With Irish language films such as Arracht, Foscadh, Doineann and An Cailín Ciúin winning prizes all over the globe - An Cailín Ciúin even beat Kenneth Branagh's Belfast at the IFTAs - and bands and singers such as Inni-K, IMLÉ, Kneecap and Súil Amháin, there seems to be a new attitude to Gaelic culture that was absent in years gone by.

"Our generation, when we were young, we were told that we were the last generation and the future of the language and the music was all on our shoulders. And so we carried that sense of responsibility," says Muireann.

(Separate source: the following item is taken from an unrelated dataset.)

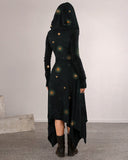 Moon Fairy and Fern Dark Pattern Print Long Sleeve Thick Dress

"We didn't carry it lightly, you know, it left you with a trepidation and a nervousness to stir the pot, that something was so fragile and precious, that we had to mind it and make sure it's stayed exactly as it was that we would be the preservers of us, you know, and, in a way, that made me feel like I shouldn't touch it or change it. Absolutely.

"We're still in crisis.The language might not survive here in the Gaeltacht but it will survive in whatever way the future holds for it. We're making the best of the fact that so much damage was done to the culture in the past but we're trying to bring things forward and hopefully, our children's generation will not feel that responsibility, they will wear it more lightly."

However, there is no fragility or preciousness about the songs on Róisín Reimagined. There is indeed an aching beauty in some of them and a playfulness in others that reflect aspects of the Irish psyche that are still part of our makeup today and that is where the true connection lies.